**Stored data:**

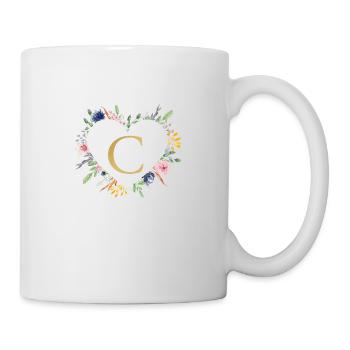 Monogramme personnalisable C Coeur Floral - Mug blanc - blanc - Droite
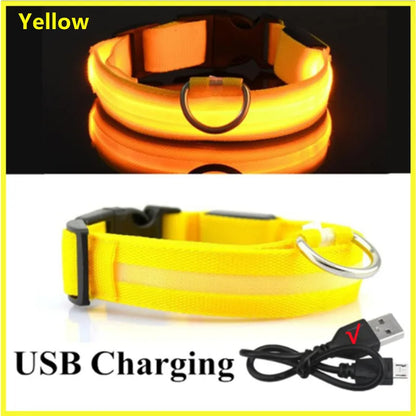 USB Rechargeable LED Dog Collar – Adjustable Luminous Safety Light Collar for Dogs and Cats
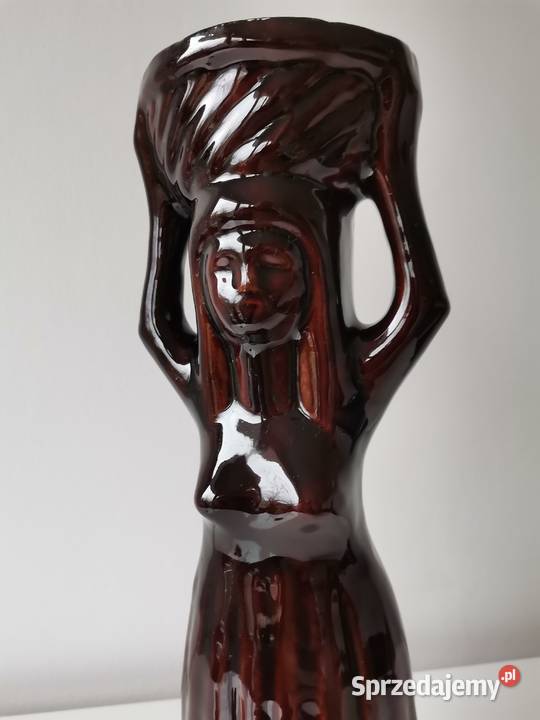 Stara figurka wazon Kobieta z Koszem ceramika Antyki, Sztuka, Kolekcje Katowice sprzedam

**About this exercise:** Write out the listing again word for word, but without its pictures.

**Response to the task:**
 Monogramme personnalisable C Coeur Floral - Mug blanc - blanc - Droite
 USB Rechargeable LED Dog Collar – Adjustable Luminous Safety Light Collar for Dogs and Cats
 Stara figurka wazon Kobieta z Koszem ceramika Antyki, Sztuka, Kolekcje Katowice sprzedam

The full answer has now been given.